**TASK REQUIREMENTS**. The reply should hold every line of the data below, unchanged, and none of the pictures.

**SOURCE MATERIAL**.
════════════════

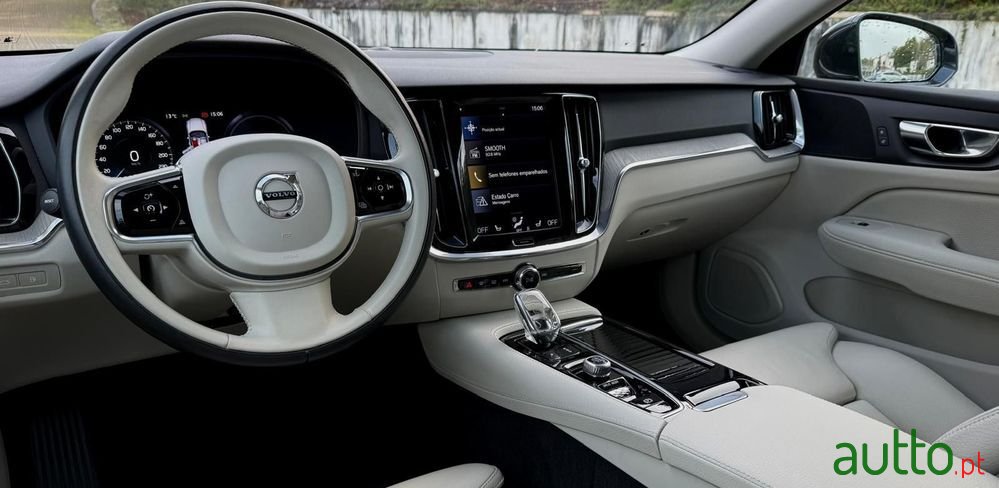 2020' Volvo V60 photo #4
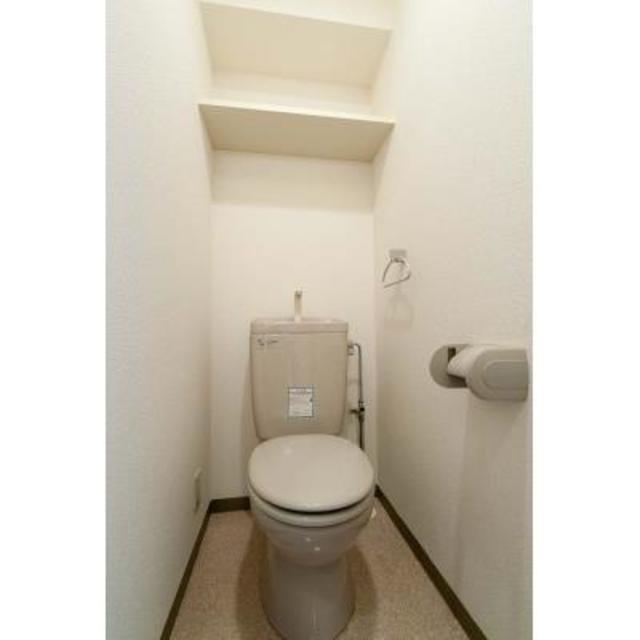 トイレ　※写真は同タイプ住戸です。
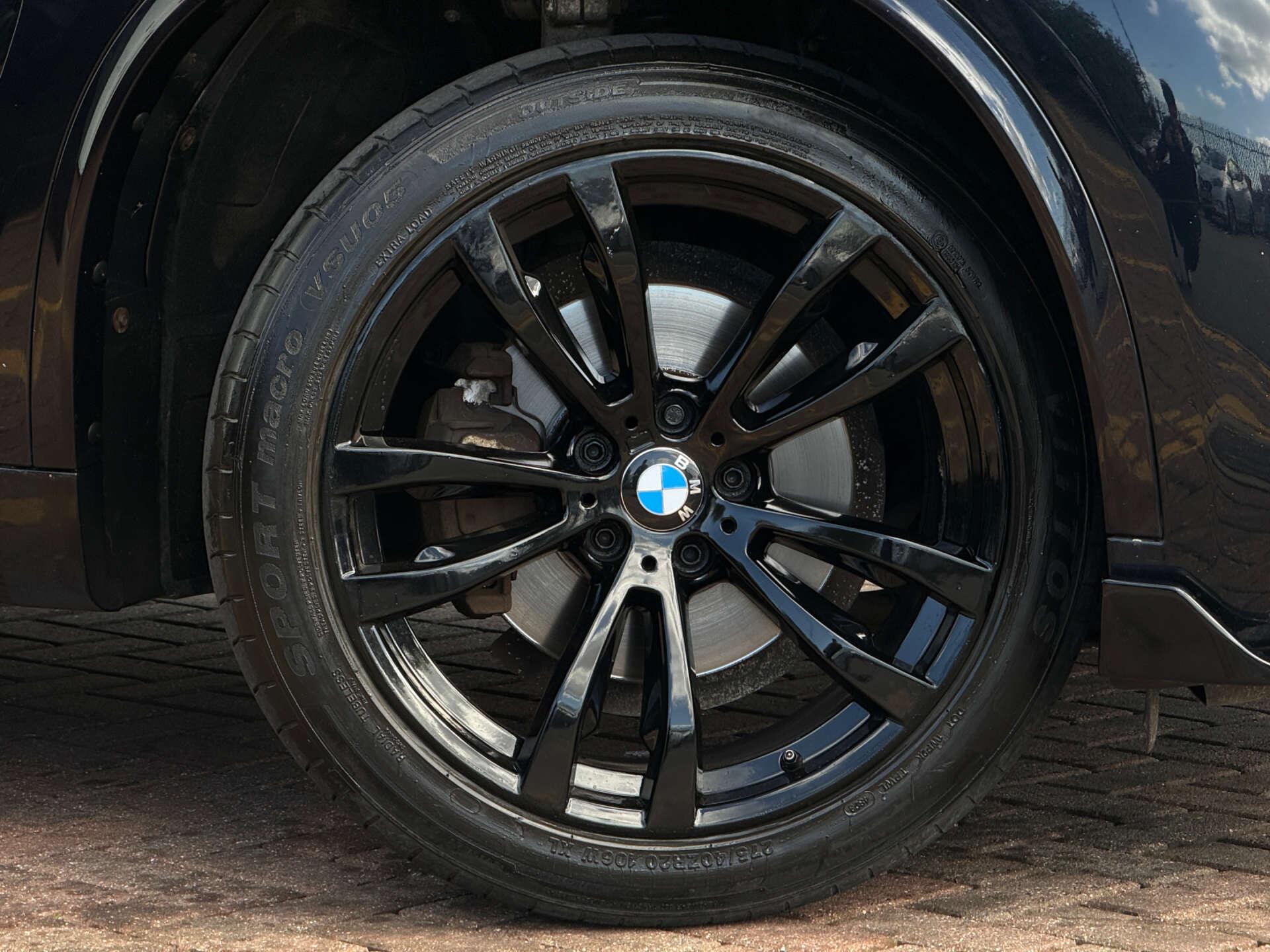 BMW X5 view 12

════════════════

**EXERCISE RESULT**.
 2020' Volvo V60 photo #4
 トイレ　※写真は同タイプ住戸です。
 BMW X5 view 12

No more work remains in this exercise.